In particular, water can stack in stratified shells when it interacts with cellulose to regulate chemical processes and the material’s physical characteristics. The research has implications for designing cellulose-based goods in a way that is more efficient and sustainable.
“Cellulose is the world’s most abundant biopolymer, and it’s used in applications that range from bandages to electronics,” says Lucian Lucia, professor of forest biomaterials and chemistry at NC State and corresponding author of a new study in Matter. “But cellulose processing has been mostly done by trial and error, and some of it utilizes incredibly harsh chemicals. To find better ways to process cellulose, we need to understand its most fundamental interactions for example, with water.”

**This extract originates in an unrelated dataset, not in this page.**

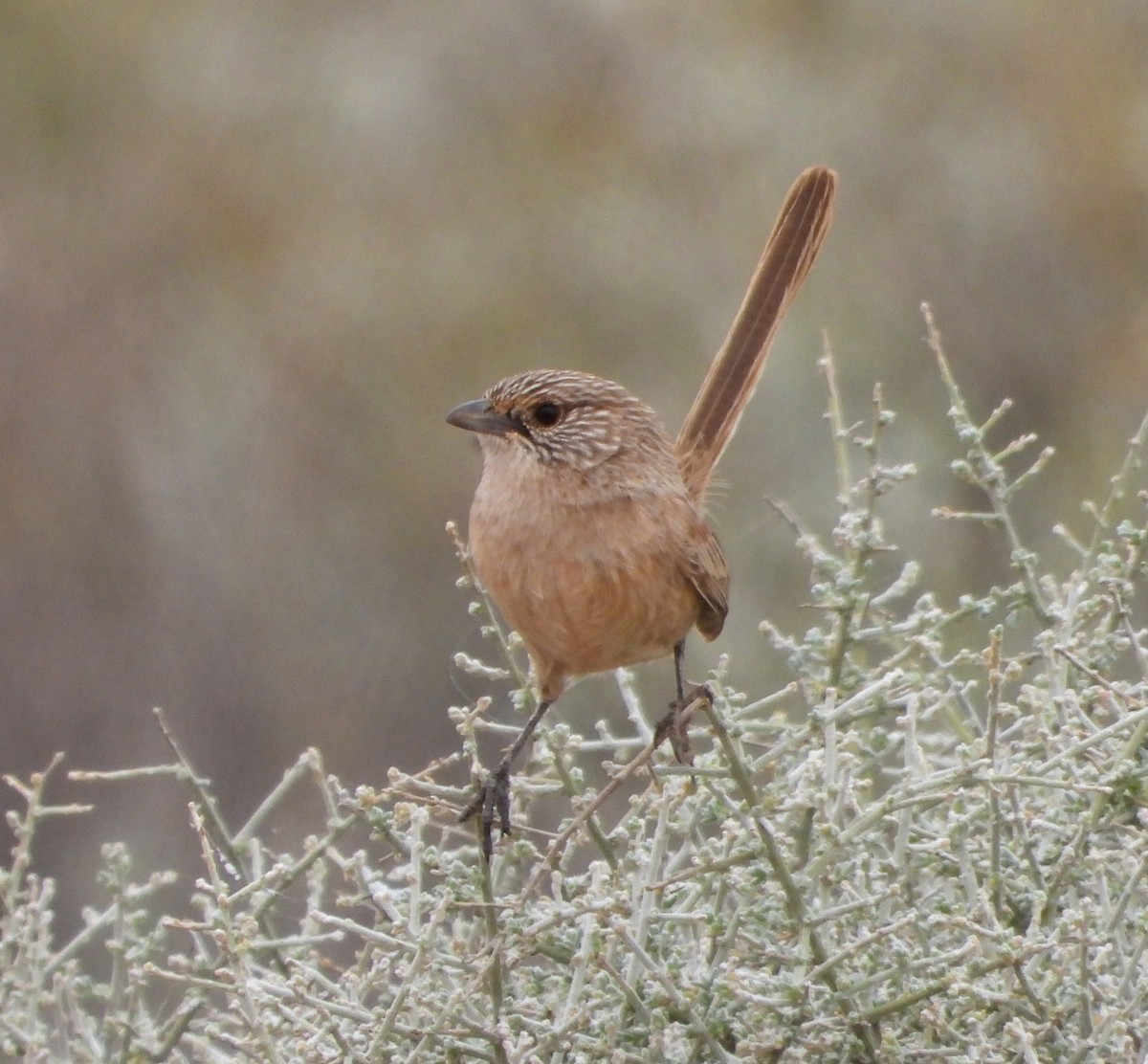 Thick-billed Grasswren - ML622122795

To do so, he worked with colleague Jim Martin, professor of chemistry at NC State, who studies the fundamental properties of water as a solvent.
“Water has the uncanny ability to change characteristics depending on what it’s with, which gives it wide range of solubility characteristics,” Martin says. Martin is the author of an opinion piece in Matter that is a companion to Lucia’s study.
The water forms shells around the fibers that can stack, like a nesting Russian doll. The fewer shells, or layers, the harder the fibers. But when you add more layers, the connection between fibers grows farther away and the material becomes softer.
Professor Jim Martin
“We change the nature of water by what we dissolve in it, and by the concentrations of those solutes in water,” Martin says. “Think of the continuum between Kool-Aid and hard candy. You start with sugar. In Kool-Aid the sugar is completely dissolved. As you remove the water, you get taffy, then hard candy, then back to crystalline sugar.”
“We know that water is critical to how cellulose is laid down,” Lucia says. “So in this study we probed how it orients itself and plays a reactive role in mitigating or leveraging chemistry.”
The scientists physically altered various kinds of wood fibers and observed how water interacted with other molecules and itself inside the resulting structures. They discovered that at lower water concentrations, bridge structures within the material lead to a loss of flexibility due to the water distribution and ensuing molecular interactions between the water and the fibers.
In fact, they discovered that the cellulose network allows water to ‘hide’ itself while generating potent hydrogen connections. The tightness or looseness of the bridging structures is in turn determined by this bonding.
“The water forms shells around the fibers that can stack, like a nesting Russian doll,” Martin says. “The fewer shells, or layers, the harder the fibers. But when you add more layers, the connection between fibers grows farther away and the material becomes softer.”
Future work by the group intends to investigate the various bonds that water can form within these frameworks.
“Studying these interactions at the molecular level paves the way toward manipulating water in cellulose to design better products and processes,” Lucian says. “Understanding what is happening from fundamental principles lets us design approaches that take advantage of water’s properties for everything from drug delivery to designing electronics.”
The research paper, “Computational and experimental insights into the molecular architecture of water-cellulose networks,” and the editorial piece, “Water under the influence of solutes: on the non-innocence of a universal solvent,” both appear in Matter.